Since the talented voice cast has remained the same low these many years, I put all the blame on this squarely with the Fox network who refused to let this show go out gracefully when Groening siphoned off his role to work on his dream project, the now far superior 'Futurama'. In Fox's race to claim this endurance record they have turned a once edgy and visionary show into an institution with an assembly line production and revolving door of writers to match any of the other lame shows on TV. Behind the scenes, maybe the condescending we-can-do-no-wrong attitude of Maxton-Graham has dealt the show its biggest death blow, while producer Mike Scully sat back and ineptly let Maxton-Graham run it into the ground.
In the end, the biggest blame may actually land with the "die-hard fans" that embolden the show by letting it get away with this junk. Yes, "The Simpsons" was ground-breaking and every adult animation in the future owns it a bit of gratitude, but blind loyalty to a show only for how it performed in the past isn't healthy.

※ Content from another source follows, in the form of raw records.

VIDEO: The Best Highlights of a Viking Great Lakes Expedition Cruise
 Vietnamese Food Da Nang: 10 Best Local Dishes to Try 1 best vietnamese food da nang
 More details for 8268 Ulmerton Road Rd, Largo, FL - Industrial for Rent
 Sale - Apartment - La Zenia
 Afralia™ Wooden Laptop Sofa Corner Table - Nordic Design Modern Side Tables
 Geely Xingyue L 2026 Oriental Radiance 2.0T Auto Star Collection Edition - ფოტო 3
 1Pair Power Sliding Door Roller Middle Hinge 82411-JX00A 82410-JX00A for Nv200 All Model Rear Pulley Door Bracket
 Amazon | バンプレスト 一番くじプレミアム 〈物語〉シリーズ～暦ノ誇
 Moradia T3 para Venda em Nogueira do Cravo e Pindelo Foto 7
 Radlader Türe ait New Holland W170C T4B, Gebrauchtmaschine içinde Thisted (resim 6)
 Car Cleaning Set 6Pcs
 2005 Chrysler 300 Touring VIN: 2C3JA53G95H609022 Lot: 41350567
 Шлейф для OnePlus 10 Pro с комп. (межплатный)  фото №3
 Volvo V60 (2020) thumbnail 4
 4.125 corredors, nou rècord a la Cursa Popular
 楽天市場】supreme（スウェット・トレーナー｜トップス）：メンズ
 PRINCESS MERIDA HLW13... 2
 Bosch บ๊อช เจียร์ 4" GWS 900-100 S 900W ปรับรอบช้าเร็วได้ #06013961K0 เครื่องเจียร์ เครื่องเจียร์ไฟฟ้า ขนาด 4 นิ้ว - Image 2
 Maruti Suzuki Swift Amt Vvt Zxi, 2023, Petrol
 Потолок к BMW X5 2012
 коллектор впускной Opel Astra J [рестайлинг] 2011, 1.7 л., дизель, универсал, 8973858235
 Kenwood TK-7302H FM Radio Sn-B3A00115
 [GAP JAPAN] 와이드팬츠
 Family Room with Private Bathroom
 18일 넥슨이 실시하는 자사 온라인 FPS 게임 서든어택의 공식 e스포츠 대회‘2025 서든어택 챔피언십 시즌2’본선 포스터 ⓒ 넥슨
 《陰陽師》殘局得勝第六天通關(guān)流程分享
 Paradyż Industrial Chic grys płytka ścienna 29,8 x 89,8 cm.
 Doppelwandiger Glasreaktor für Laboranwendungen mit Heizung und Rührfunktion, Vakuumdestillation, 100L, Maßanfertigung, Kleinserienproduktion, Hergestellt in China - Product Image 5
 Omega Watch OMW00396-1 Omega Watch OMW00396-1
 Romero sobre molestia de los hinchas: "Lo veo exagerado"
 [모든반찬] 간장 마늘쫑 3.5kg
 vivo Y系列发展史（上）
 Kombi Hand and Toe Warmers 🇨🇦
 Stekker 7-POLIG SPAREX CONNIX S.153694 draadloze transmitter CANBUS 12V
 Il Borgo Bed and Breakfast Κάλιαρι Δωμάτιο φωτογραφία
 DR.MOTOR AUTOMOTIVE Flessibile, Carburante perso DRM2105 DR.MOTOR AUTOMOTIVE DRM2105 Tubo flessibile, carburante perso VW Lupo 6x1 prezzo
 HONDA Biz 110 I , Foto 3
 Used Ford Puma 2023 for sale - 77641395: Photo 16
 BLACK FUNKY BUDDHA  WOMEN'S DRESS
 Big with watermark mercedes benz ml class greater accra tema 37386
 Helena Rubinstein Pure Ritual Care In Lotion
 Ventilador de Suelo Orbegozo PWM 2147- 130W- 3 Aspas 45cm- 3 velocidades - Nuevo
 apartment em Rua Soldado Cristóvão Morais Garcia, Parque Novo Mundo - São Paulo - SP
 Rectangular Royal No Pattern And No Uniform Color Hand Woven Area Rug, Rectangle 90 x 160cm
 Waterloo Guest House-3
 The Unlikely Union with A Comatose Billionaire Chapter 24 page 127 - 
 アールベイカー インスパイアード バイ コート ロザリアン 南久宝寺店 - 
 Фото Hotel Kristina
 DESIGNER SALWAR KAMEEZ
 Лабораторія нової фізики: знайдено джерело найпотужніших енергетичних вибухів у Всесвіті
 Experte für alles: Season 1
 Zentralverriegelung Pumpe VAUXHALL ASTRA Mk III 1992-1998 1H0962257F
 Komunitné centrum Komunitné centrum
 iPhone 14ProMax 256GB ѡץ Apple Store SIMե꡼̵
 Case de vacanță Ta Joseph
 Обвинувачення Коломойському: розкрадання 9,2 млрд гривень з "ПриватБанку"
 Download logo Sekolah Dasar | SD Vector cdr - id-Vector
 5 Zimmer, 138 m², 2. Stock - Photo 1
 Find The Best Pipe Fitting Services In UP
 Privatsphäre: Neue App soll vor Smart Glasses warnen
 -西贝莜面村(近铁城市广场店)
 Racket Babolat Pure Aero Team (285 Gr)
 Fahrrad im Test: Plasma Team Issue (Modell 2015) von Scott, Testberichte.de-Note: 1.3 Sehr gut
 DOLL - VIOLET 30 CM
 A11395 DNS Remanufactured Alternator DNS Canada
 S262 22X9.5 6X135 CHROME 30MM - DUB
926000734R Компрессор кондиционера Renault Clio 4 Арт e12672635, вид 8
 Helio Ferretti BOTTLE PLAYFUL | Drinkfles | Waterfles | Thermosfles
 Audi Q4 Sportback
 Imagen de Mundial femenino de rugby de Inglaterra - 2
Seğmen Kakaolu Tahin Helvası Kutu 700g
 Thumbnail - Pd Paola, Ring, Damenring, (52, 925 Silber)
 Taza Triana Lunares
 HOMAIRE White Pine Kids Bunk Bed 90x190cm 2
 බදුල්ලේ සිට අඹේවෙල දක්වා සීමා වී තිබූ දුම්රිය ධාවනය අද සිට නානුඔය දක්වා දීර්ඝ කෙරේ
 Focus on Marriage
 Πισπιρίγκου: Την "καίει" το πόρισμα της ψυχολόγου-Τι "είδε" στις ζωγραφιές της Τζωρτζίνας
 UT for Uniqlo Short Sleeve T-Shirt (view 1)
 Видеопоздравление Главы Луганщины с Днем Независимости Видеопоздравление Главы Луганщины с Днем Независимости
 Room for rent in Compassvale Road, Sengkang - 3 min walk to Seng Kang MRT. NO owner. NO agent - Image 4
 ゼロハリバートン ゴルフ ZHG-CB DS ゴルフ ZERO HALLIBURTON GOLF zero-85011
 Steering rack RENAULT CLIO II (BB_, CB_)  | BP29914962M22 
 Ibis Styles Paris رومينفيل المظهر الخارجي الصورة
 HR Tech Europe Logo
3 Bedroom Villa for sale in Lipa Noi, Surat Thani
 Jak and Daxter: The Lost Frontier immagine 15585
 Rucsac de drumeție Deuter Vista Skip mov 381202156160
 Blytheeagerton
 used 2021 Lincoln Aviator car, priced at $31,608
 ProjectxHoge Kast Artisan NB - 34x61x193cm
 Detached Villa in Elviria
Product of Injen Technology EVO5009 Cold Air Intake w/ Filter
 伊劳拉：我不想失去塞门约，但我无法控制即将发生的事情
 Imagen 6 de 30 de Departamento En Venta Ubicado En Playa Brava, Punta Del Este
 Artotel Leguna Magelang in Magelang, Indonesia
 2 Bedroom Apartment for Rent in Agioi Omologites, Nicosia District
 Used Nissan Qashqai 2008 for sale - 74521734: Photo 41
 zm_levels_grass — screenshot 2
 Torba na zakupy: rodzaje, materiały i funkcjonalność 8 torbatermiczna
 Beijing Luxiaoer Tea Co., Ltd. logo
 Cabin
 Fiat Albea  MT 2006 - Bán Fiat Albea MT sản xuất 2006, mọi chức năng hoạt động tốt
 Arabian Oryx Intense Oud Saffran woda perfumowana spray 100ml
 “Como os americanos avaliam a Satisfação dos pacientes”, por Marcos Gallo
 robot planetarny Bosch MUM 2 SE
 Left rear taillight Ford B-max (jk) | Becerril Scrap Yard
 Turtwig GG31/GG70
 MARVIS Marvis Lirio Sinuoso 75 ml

Since it has hit long-running status the critical bandwagon jumping has begun and "Simpsons" is more popular than ever amongst critics that want to be on the inside of history. We've now reached a point where the bad episodes and bad entire seasons outweigh the good and that, I'm afraid, is going to be the sad legacy of "Simpsons" . A train-wreck of crass, childish humor, grainy animation, oddly misplaced satire and forced parodies of only the most obvious pop culture targets.
10 years ago I didn't know what I would do without "The Simpsons" but now, particularly with the emergence of satisfying new adult animated shows ('Futurama', 'Family Guy' and 'South Park'), living without it might be pretty good.